According to a press release from Senator Jon Tester’s (D-MT) office, Tester has released more documents pertaining to the Obama Administration’s discussions concerning a new national monument here in Montana.
The press release says the documents are being made public “in the name of transparency.” This, after an initial batch of documents were first leaked last Spring showing plans to create a new national monument stretching from Fort Benton to Fort Peck, Montana. Since that time, the House Western Caucus and Congressman Denny Rehberg (R-MT) have been calling on the Obama Administration to release all the documents concering the monument discussions.
Tester’s spokesman, Aaron Murphy, had this to say:
“Jon had an opportunity to read the whole draft memo after seeing it for the first time Friday and he’s pleased that it mentions the importance of public support and participation for future land planning. This is in line with what Secretary Salazar told Jon directly—that any plans from the Interior Department need broad public support before moving forward.”
Nonetheless, as this latest news release was sent to the Montana press corps “in the name of transparency,” thousands of documents remain hidden from the public.

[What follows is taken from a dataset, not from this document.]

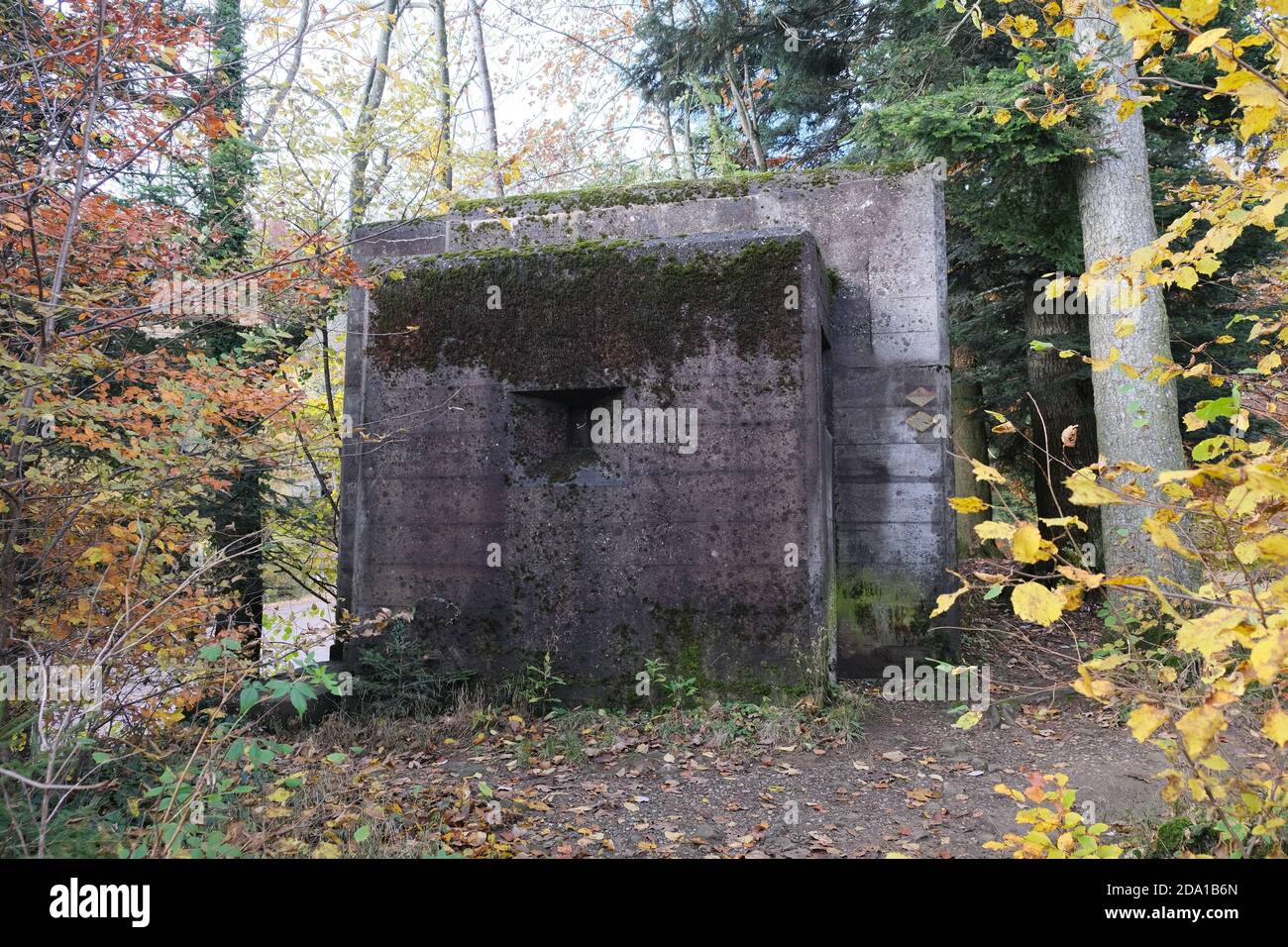 Colpo di bunker della seconda guerra mondiale in Svizzera Foto Stock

This latest document can be found in full on Tester’s website by clicking here.
Pay particular attention to the top of Page 5, which tells the Administration to use the Antiquities Act to create the monument, “should the legislative process not prove fruitful.
“I think it’s great they are releasing some of the information,” said Ron Poertner, treasurer of the Winifred-based Missouri River Stewards, which is made up of landowners in the Missouri River Breaks National Monument. “We talk about open and transparent government but they were pretty slow in getting it out there.”
Congressman Denny Rehberg (R-MT) had this to say Tuesday afternoon:
“While I’m glad the Department of Interior has finally released these pages, I can certainly understand why they wanted to keep them a secret. A single sentence acknowledging the benefit of public input won’t appease Montanans when the rest of the document lays out plans to circumvent that input if it doesn’t fall in line with the pre-constructed plans of unelected Washington bureaucrats. The new pages make a disturbing case for bypassing Congress with a unilateral Presidential designation of National Monuments. This was the worst-case scenario, and it’s no longer hypothetical.”